5. Define the terms of your agreement.
Contracts must include the number of years the agreement is in effect and should not exceed more than two or three years in length. Each year in the contract should pair with an annual increase for inflation and potentially for incentives based on performance.
Renegotiating: An Ongoing Process
The events of the past several years have shown that organizations should be renegotiating VBC contracts every two to three years — not five or 10 years. Profitability and line items are based on a certain service mix and volume, which has changed significantly since 2020, and each has different margins. During the pandemic, patients were forgoing elective procedures and skipping regular appointments and preventative care, which also has an impact on VBC performance and reimbursement. That’s why ensuring there are built-in opportunities for your organization to thrive is crucial, as the industry and economy continually evolve.
Throughout your contract term, you should monitor your performance.

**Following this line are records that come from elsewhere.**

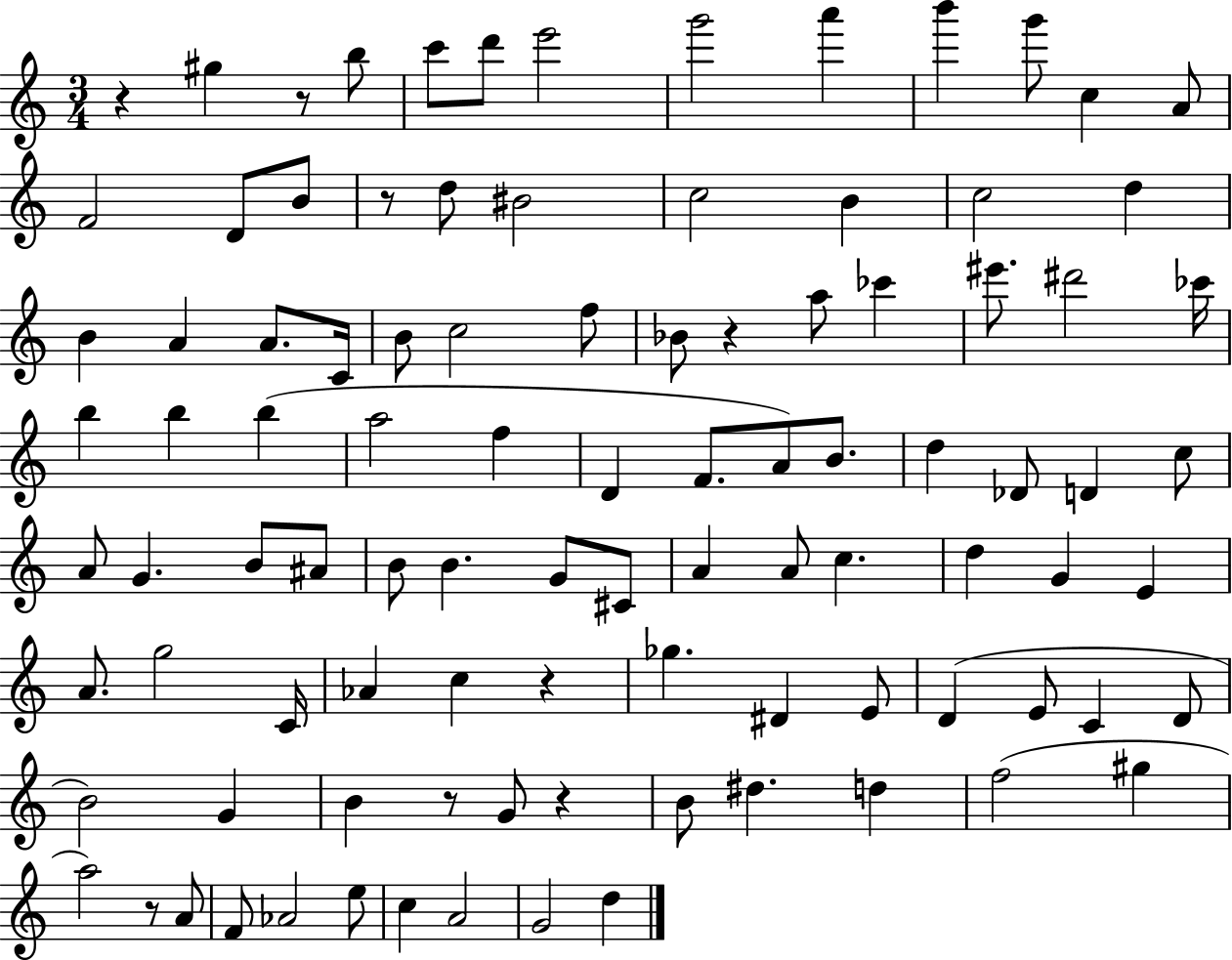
X:1
T:Untitled
M:3/4
L:1/4
K:C
z ^g z/2 b/2 c'/2 d'/2 e'2 g'2 a' b' g'/2 c A/2 F2 D/2 B/2 z/2 d/2 ^B2 c2 B c2 d B A A/2 C/4 B/2 c2 f/2 _B/2 z a/2 _c' ^e'/2 ^d'2 _c'/4 b b b a2 f D F/2 A/2 B/2 d _D/2 D c/2 A/2 G B/2 ^A/2 B/2 B G/2 ^C/2 A A/2 c d G E A/2 g2 C/4 _A c z _g ^D E/2 D E/2 C D/2 B2 G B z/2 G/2 z B/2 ^d d f2 ^g a2 z/2 A/2 F/2 _A2 e/2 c A2 G2 d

If you’re not meeting the agreed-upon benchmarks, you should work with the payer to try fixing them. Monthly Joint Operating Committee (JOC) meetings are an excellent opportunity to work through expectations and performance. In addition to monitoring care performance, you should also implement regular check-ups of your managed care portfolio. This enables your organization to determine whether volume and yield are performing as expected and whether there are new contracts to add, or others you should remove.
Conclusion
VBC contracts can be incredibly advantageous, but it’s important to be strategic about what areas you’re renegotiating in your contracts. Over the next several years, we expect to see the industry continue to transition to risk-based models as opposed to fee-for-service, because of the emphasis that risk-based models place on patient-centered care. That means now is the right time for provider organizations to begin trying to participate in, and to get comfortable with VBC contracts if they haven’t started already. At the same time, organizations that already have risk-based contracts must continually reevaluate their portfolios and contracts to ensure they are driving the most value for their organization.